7 of Liverpool’s Hidden Tourist Gems
Liverpool is blessed with plenty of famous and spectacular tourist attractions. For the music fan, there’s The Cavern on Mathew Street, the architecture fan can be treated to the most listed buildings outside of London and for the football fan there’s Prenton Park on the Wirral (or one of those stadiums North Liverpool). Scratch beneath the surface though, and there’s lots more to see and do. Here, The Guide Liverpool continues it’s mission to bring you some of the less obvious jewels in Merseyside’s crown. Whether you are visiting the city, showing someone around or simply being a tourist for the day yourself, take a look at some of these fantastic tourist stops.
The Hardman’s House
This National Trust building on Rodney Street is a great time capsule of 1950s British life as well as a fascinating insight into the work of an important photographer in history. E. Chambre Hardman was an Irish photographer who spent much of his life in Liverpool. His Rodney Street home is open to visitors 11.30am to 3.30pm daily with regular 90 minute tours. As well as the remarkably preserved studio and darkroom which was ran by Hardman and his wife, there is also a beautiful walled garden at the address.
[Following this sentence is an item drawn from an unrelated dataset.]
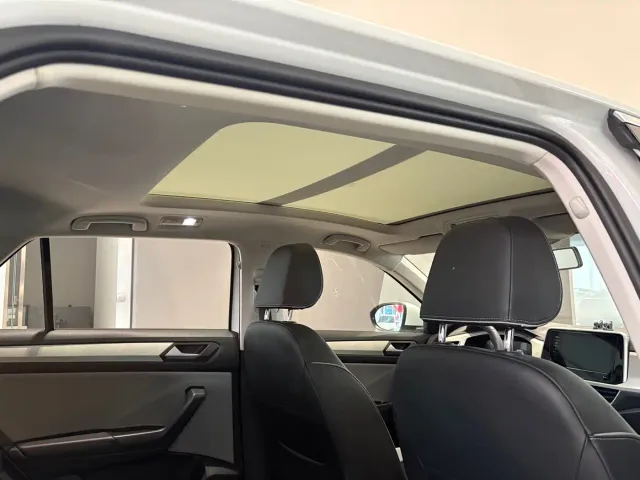 Volkswagen Volkswagen T-ROC 2024 280TSI DSG 2WD Time Edition — Фото автомобиля 16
These mysterious and fascinating tunnels which were ordered to be dug by the eccentric businessman and philanthropist Joseph Williamson (AKA ‘The Mole Of Edge Hill) are a must-visit in our opinion. While Williamson’s motives for digging the tunnels are disputed, a journey into subterranean Liverpool is an experience not to be missed. Friends of Williamson’s Tunnels are busy excavating the tunnels which extend to a network across the entire city centre. Their visitor centre is occasionally open to the public and also holds night time events. Go to williamsontunnels.com/ for more info.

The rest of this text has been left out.